Probably what erodes the credibility of the characters more than anything, is their ridiculously shallow thought processes. Not just callous-petty-and-self-serving-shallow, but ditsy-hollow-and-depthless-shallow.
--Lani and her best friend's boyfriend are totally into each other.
--In front of everyone
--Including the best friend
--Who doesn't notice
--And actually encourages them to spend time together
--Not suspicious in the least
--And Lani only feels slightly guilty for any of it
I mean, how could the best friend not care that her boyfriend pairs off to talk to Lani instead of her and they get in a tickle fight on the back porch in the dark?
Easy-- she wants important people in her life to like each other and get along. Duh.
And how is Lani able to justify this complete breach of trust and friendship?

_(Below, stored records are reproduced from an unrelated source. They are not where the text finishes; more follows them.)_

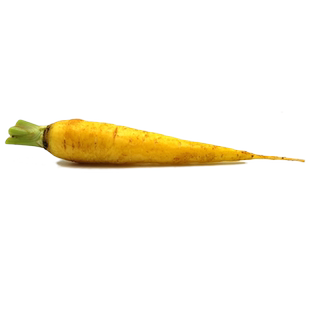 【蓝牌】黄手指胡萝卜Baby Heirloom Yellow Carrots迷你胡萝卜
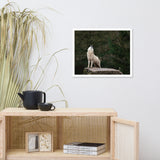 Howling White Wolf In The Forest Animal Wildlife Photograph Framed Wall Art Print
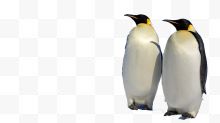 象征性企鹅家庭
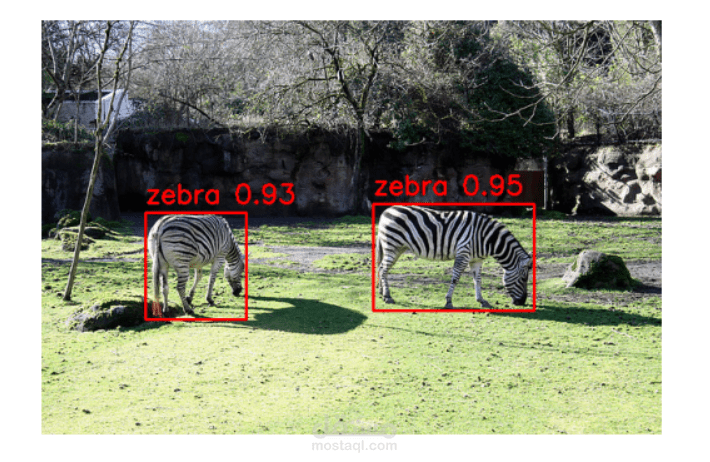 object detection with yolo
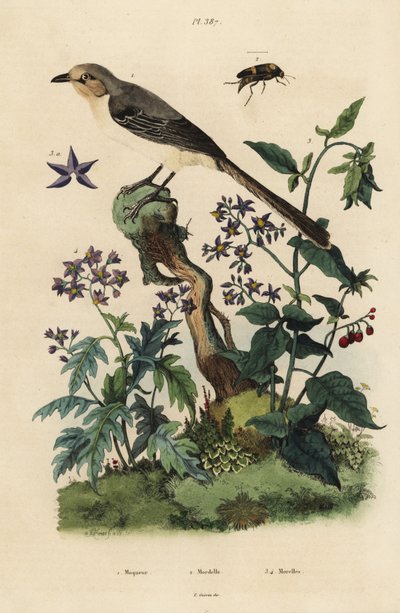 北方知更鸟、Mimus polyglottos orpheus 1、苦甜的茄属植物、Solanum dulcamara 3、Solanum quercifolium 4、Mordella fasciata beetle 2 作者 不明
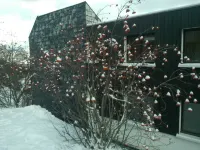 Holidays close to the slopes. Pra-Loup 1600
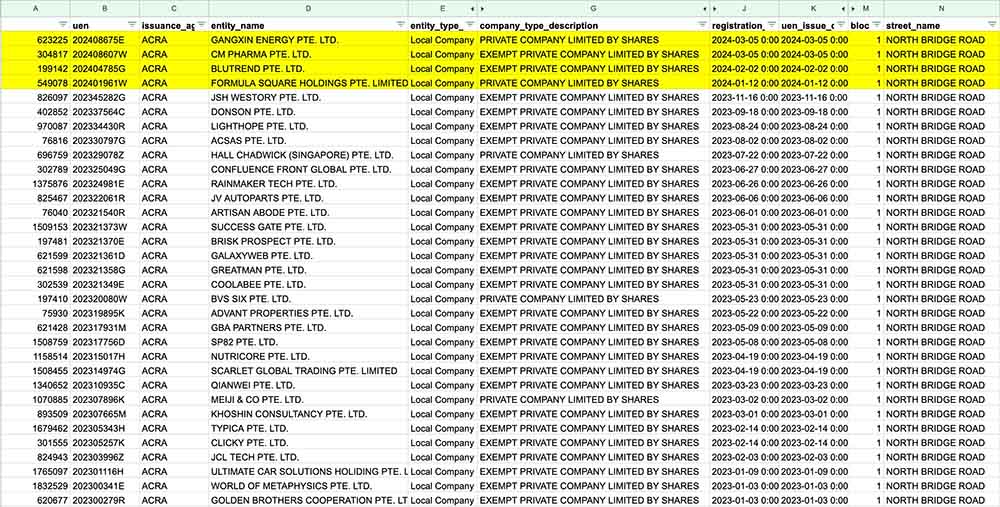 Detailed view of AddressAlert Excel report showing all entity data fields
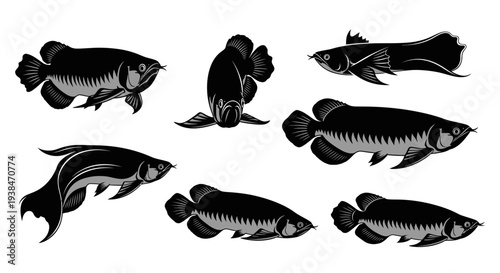 Arowana Fish Silhouettes Collection: Majestic Aquatic Animals in Black and White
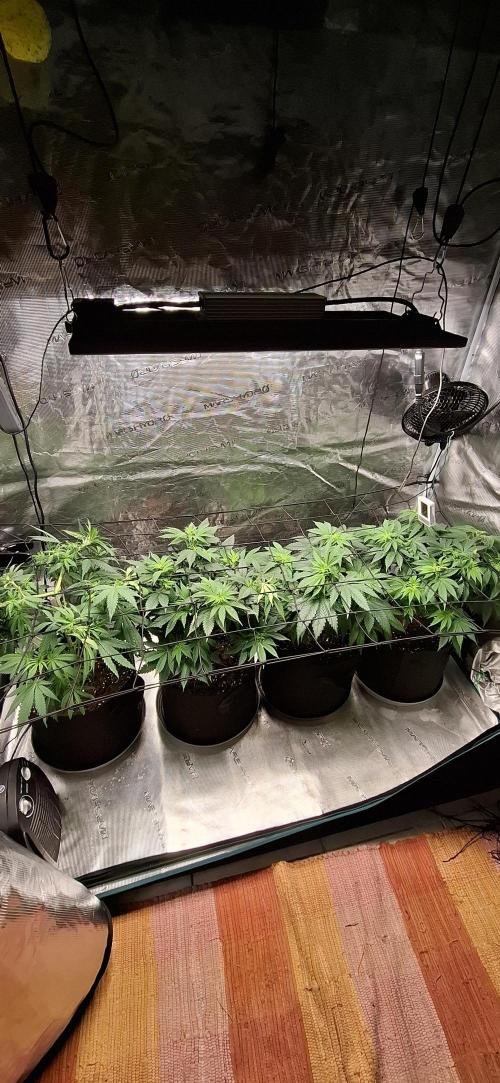 Northern Ligths Fem. u. Sensi Skunk Fem.. Week 8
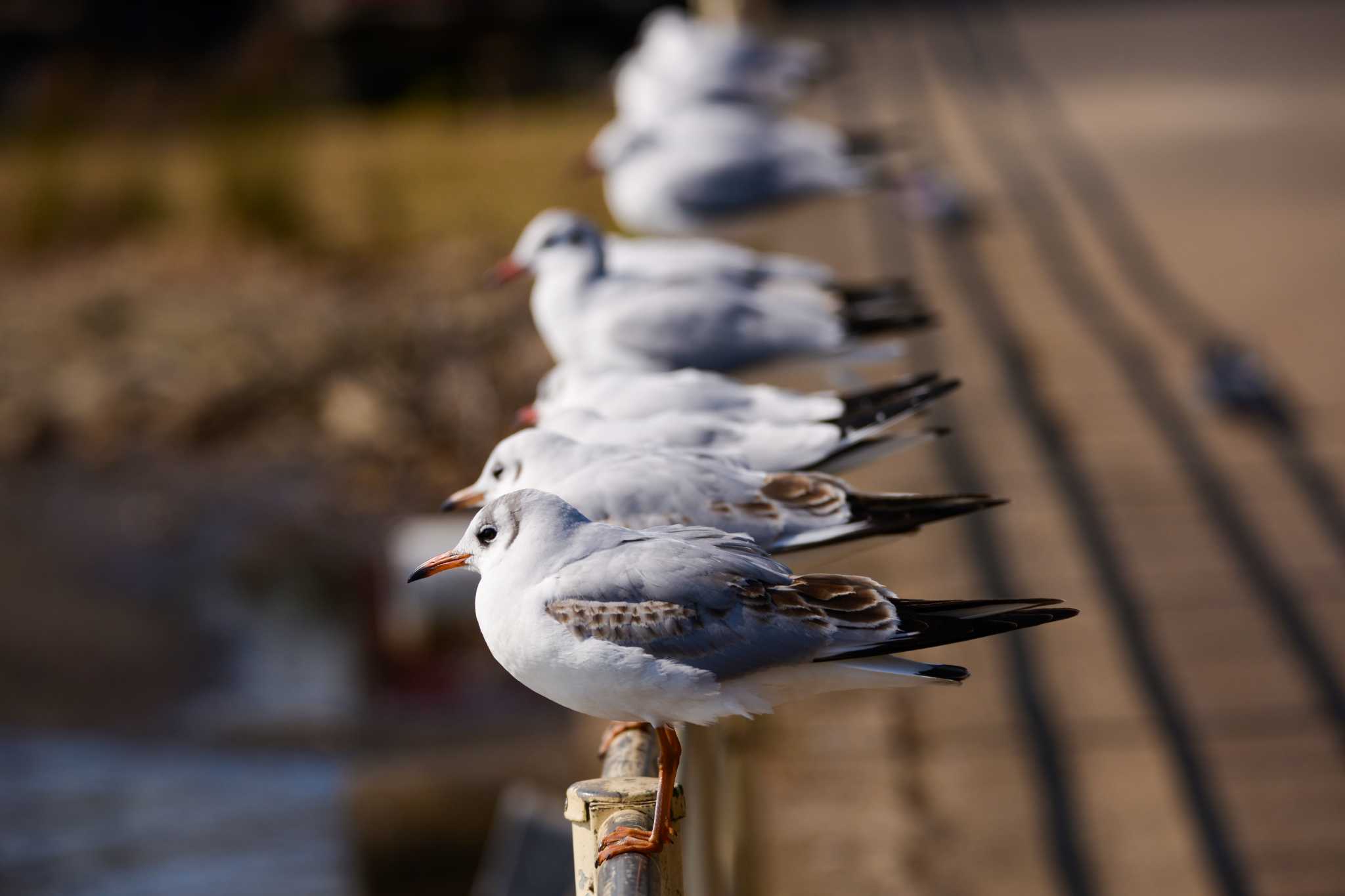 Photo of Black-headed Gull at Teganuma by Yokai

Simple-- her horoscope, her palm reading, dream interpretation, tarot cards, and COINCIDENCE.
Oh my gosh, you like The Little Prince?-- So do I!....What, you have the exact same poster in your room?-- That is so crazy!..... And you've had it since you were 4 years old too?-- NO FREAKING WAY. We are so meant for each other.
You abbreviate words that aren't normally shortened?-- I thought I was the only one!.... Wait, you call it 'abbreve' too?-- I totally thought I made that up! .... You think water tastes like a colored shape, and we both knew this one is an orange rhombus?--- nuh-uh! We are soul mates.
This is all from the book. I kid you not.
The only thing I liked in the story is the occasional, quick-witted, straight-faced banter.
Ok, and maybe I found the subtext conversation amusing: -------------------------------------------------------- "Hey," Jason says.
Subtext: Why are you bothering us?
"So, Lani," Bianca goes. "I was wondering if Erin's going to camp this summer."
Subtext: I need an excuse to come over here, so I made up this lame one.
"Why wouldn't she?" I say.
Subtext: You know she's going to camp because she always goes to camp, so why are you asking?
"I thought she was, but my cousin was thinking about going to camp in Vermont so I thought she could talk to Erin about it."
Subtext: Why are you and Jason sitting together?
I'm like, "You could just ask Erin."
Subtext: Lay off.
"I know, I just thought you might know," Bianca says. "Well.....see ya!"